» **What needs to be done**
Pictures are to be left out, and only the lines from the one containing "Green Haven | Paint by Numbers Kit" through the last line of the data are to be returned exactly.
Source data: Begin
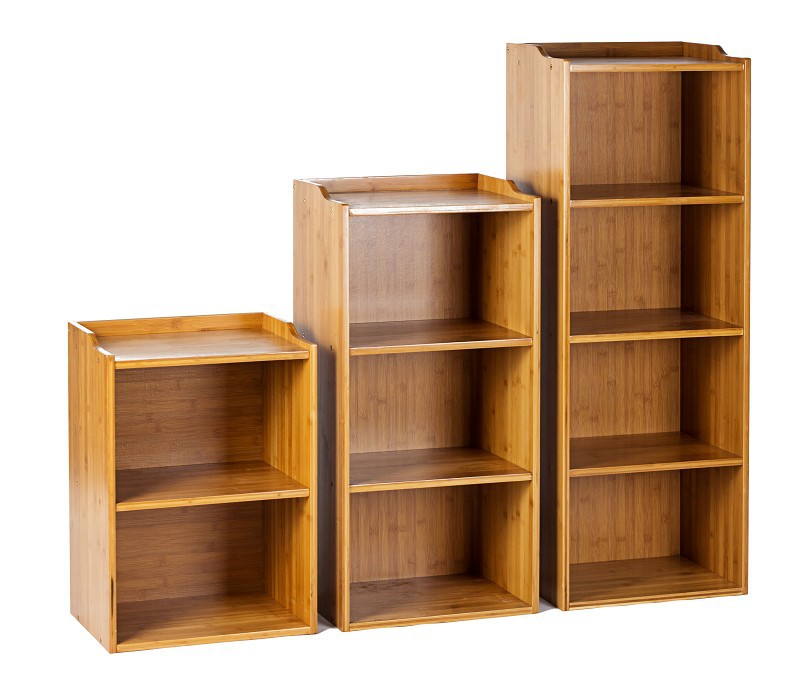 安定したエコ- フレンドリーな竹のリビングルームの家具書棚/竹の本棚仕入れ・メーカー・工場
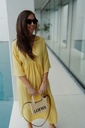 NAO Nina Long Tetra Dress Pastel Yellow
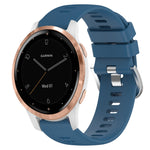 18mm Solid Color Silicone Watch Band, For Garminmove3S, For GarminActive S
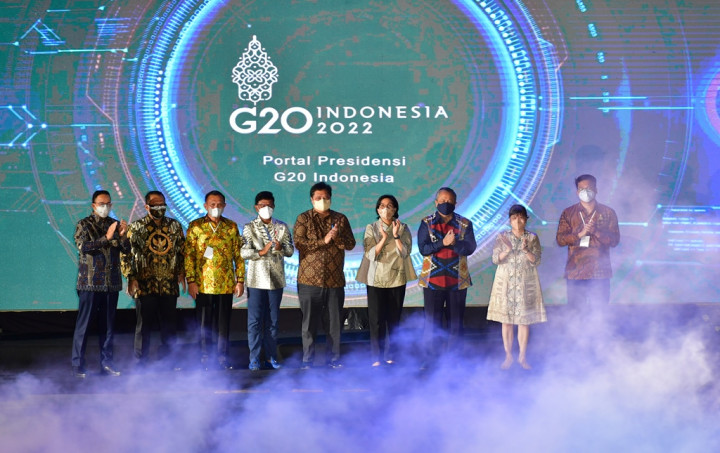 Menko Airlangga Luncurkan Situs Resmi G20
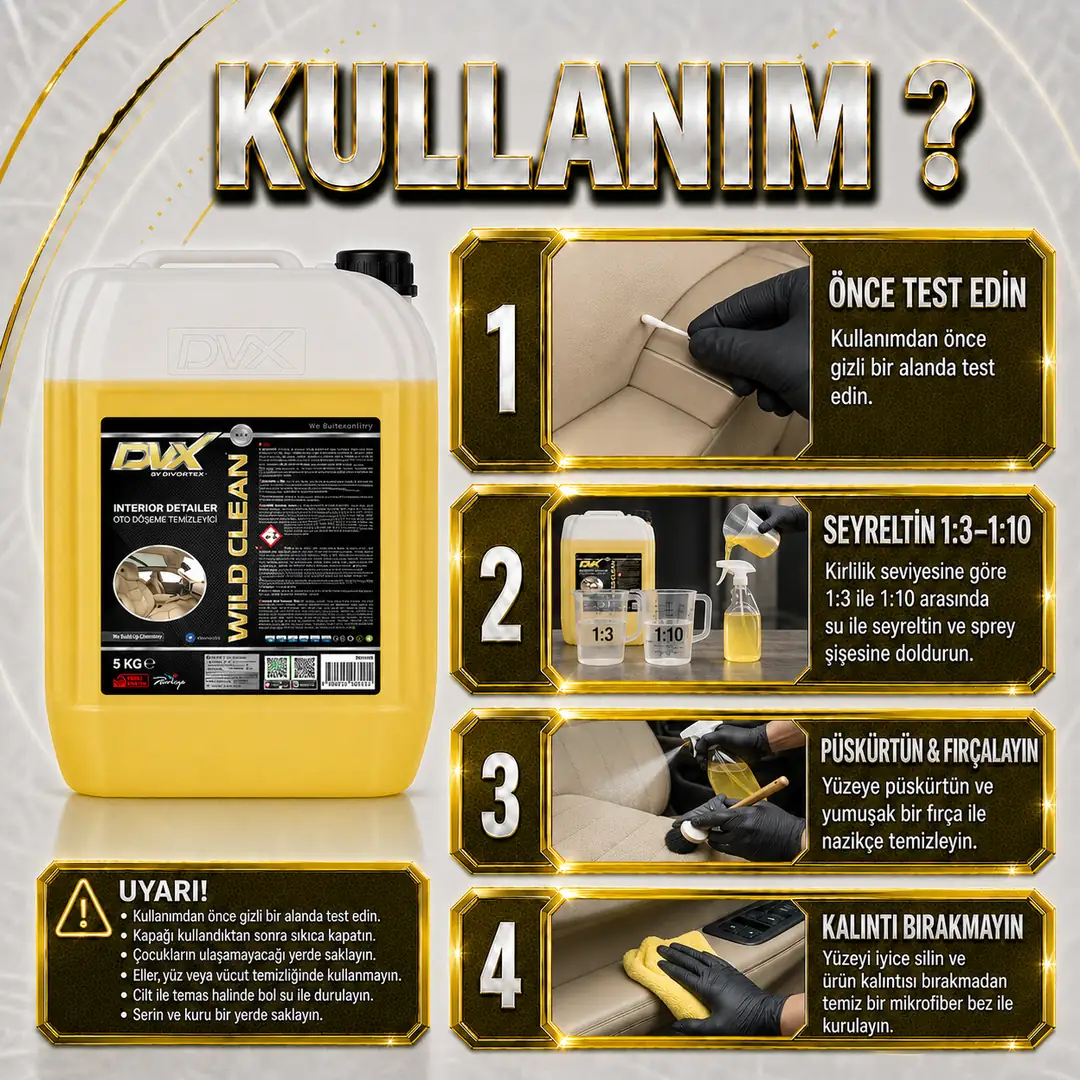 DVX | Wild Clean Genel Temizleyici ( 20 kg ) - Görsel 3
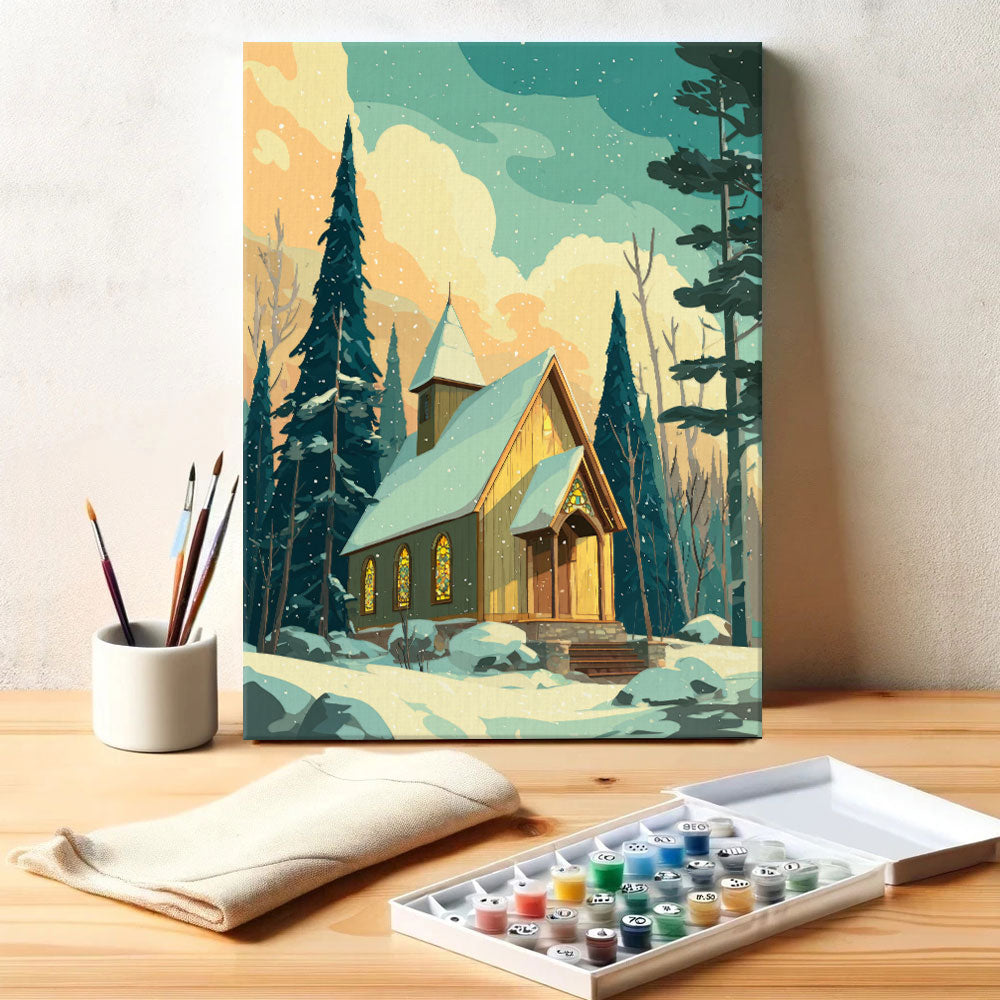Green Haven | Paint by Numbers Kit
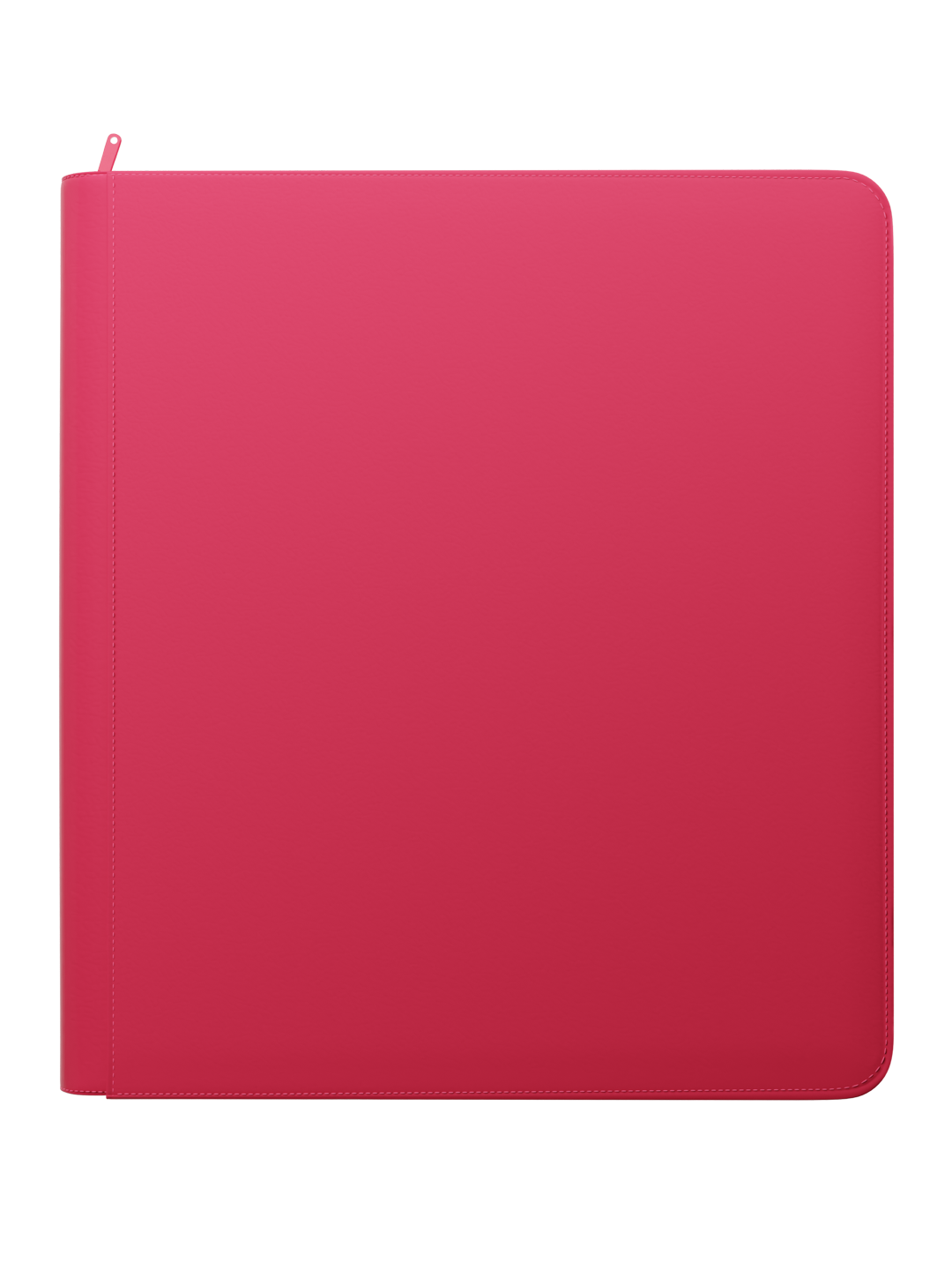 Stealth 12 Pocket Zip Binder - Red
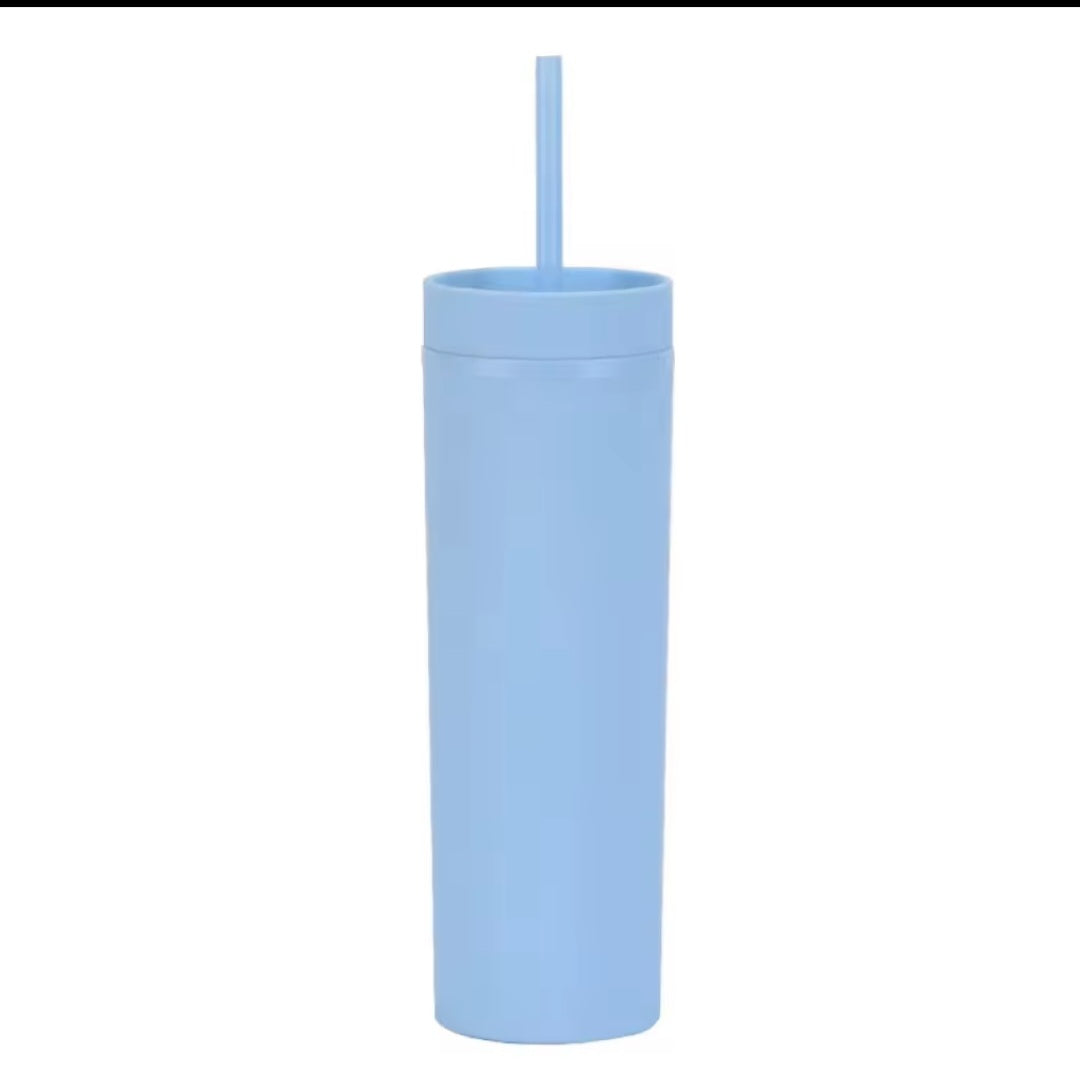 16 oz Matte Skinny Tumbler (34 Colours)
Source data: End
» **Answer to this exercise**
Green Haven | Paint by Numbers Kit
 Stealth 12 Pocket Zip Binder - Red
 16 oz Matte Skinny Tumbler (34 Colours)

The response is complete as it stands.